A quei cinici mestieranti, del resto, non importava che le fonti fossero dubbie quando addirittura non “deviate” (più tardi si arrivò a parlare d’intrecci criminogeni tra servizi segreti e “padrini della pornografia”), purché si attaccassero con disinvoltura i poteri costituiti (in primo luogo, la Dc e il Vaticano) e si prendesse posizione a favore di battaglie civili come il divorzio e l’aborto.
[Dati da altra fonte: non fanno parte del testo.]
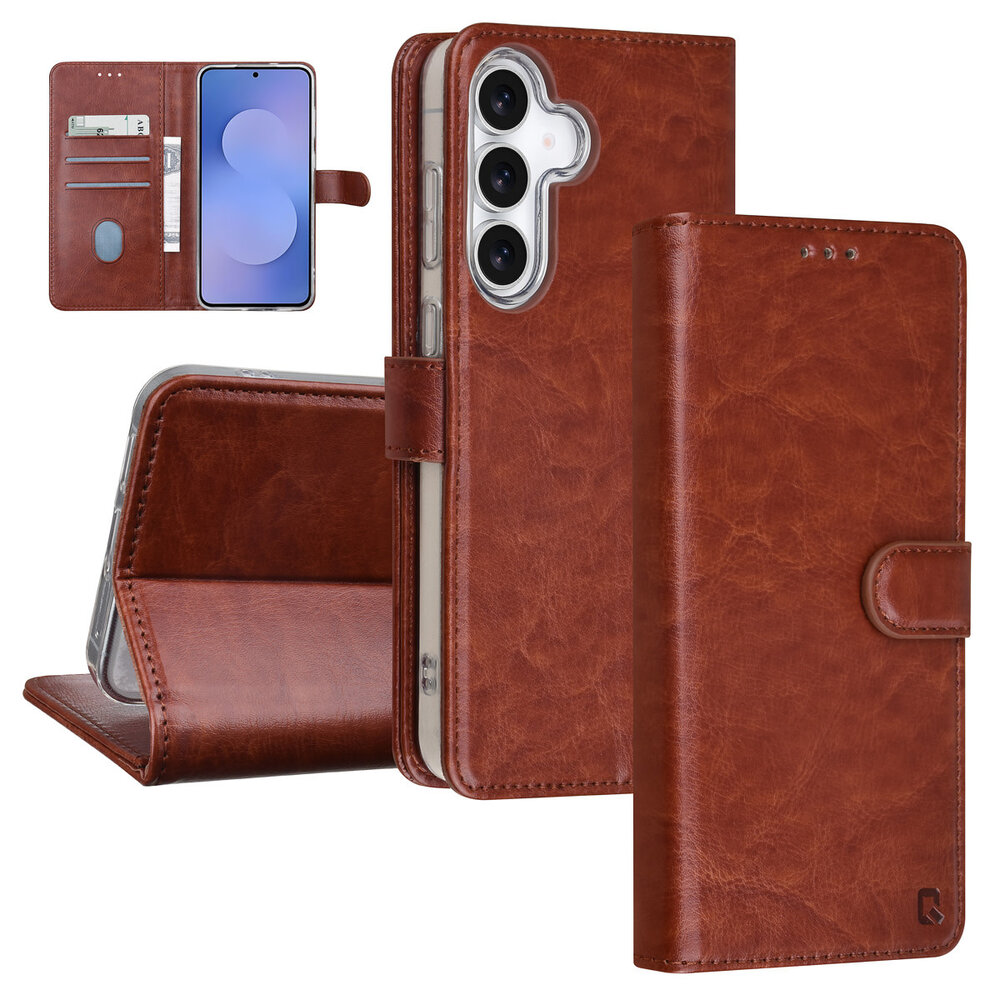 TUNIQ TUNIQ Galaxy S25 FE Book type housse - Porte-cartes pour 3 cartes - Fermeture magnétique - Cintre - Marron TUNIQ TUNIQ Galaxy S25 FE Book type housse - Porte-cartes pour 3 cartes - Fermeture magnétique - Cintre - Marron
Questa tendenza anarcoide della stampa porno engagé s’invertì quando presero a soffiare i venti sessantottini e la controinformazione finì nelle grinfie di partiti e movimenti.
I costumi del Belpaese si liberalizzavano, i tabù crollavano e a Le Ore, come agli altri periodici di Balsamo siglati International Press (ricordiamo OV, OS, Cronaca italiana e il fotoromanzo Supersex), non restò che assecondare la foia comune perseguendo la via dell’hard core pecoreccio, con strilli di copertina del tipo “Che gelida micina se la lasci riscaldare”, buoni ad annunciare pornoracconti-verità, fotoservizi senza più remore, e fiumi d’inserzioni erotiche per tutti i gusti ben pagate dai lettori più esibizionisti.
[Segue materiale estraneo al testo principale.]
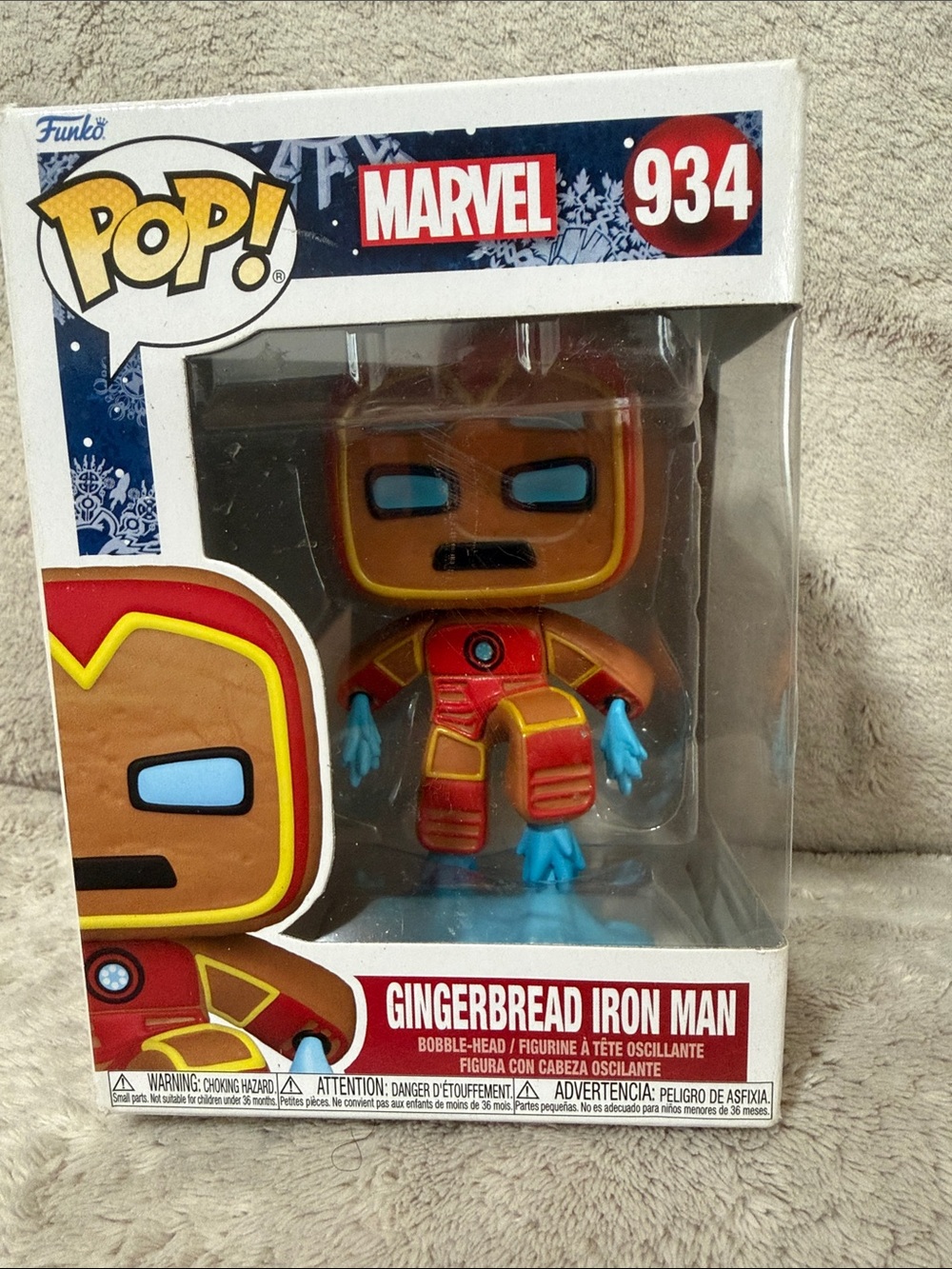Funko Pop! Marvel Gingerbread Iron Man Vinyl Figure - Red, Brown, Blue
Mentre s’imponeva collettivamente l’edonistico “ritorno al privato”, il nostro editore si scopriva ricco come un pascià, con tanto di aereo privato, imprese fantasma, ostentazione d’influenze politiche (specialmente in casa Craxi), pittori grandi firme sulle pareti domestiche, ufficio arredato con sfere di Arnaldo Pomodoro, e party a base di caviale accompagnato da panini dove apparivano incise le sue iniziali.
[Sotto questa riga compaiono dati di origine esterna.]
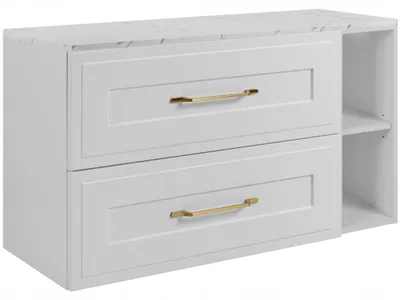 Produktbild von RODAN | Waschbeckenunterschrank Weiß 100 cm - 2 Schubladen - weißes Regal - Arbeitsplatte in Weißmarmoroptik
A provocare il successivo, definitivo sfacelo finanziario di Balsamo furono qualche azzardato investimento di troppo sull’insorgente mercato dell’home video, assieme al traumatico declino del prodotto cartaceo iniziato negli anni Novanta e culminato alle soglie del nuovo millennio con la rivoluzione informatica che ha messo in rete anche l’industria del porno.
Il racconto di Passavini segue passo dopo passo l’emblematico tracollo che determinò la liquidazione di tutte le società del nostro (quelle vere e quelle inesistenti), arrivando a intitolare opportunamente il capitolo estremo “Una storia finita a puttane”. Per poi annotare, con una punta di amarezza, come quel Cagliostro dell’editoria erotica così ingegnosamente briccone, morto 75enne nel 2005, abbia vissuto il paradosso di essere diventato, a un certo punto, abbastanza ricco da potersi comprare il Corriere della sera ma di non averlo potuto fare perché il suo fu sempre il nome non spendibile di un inaffidabile pornografo.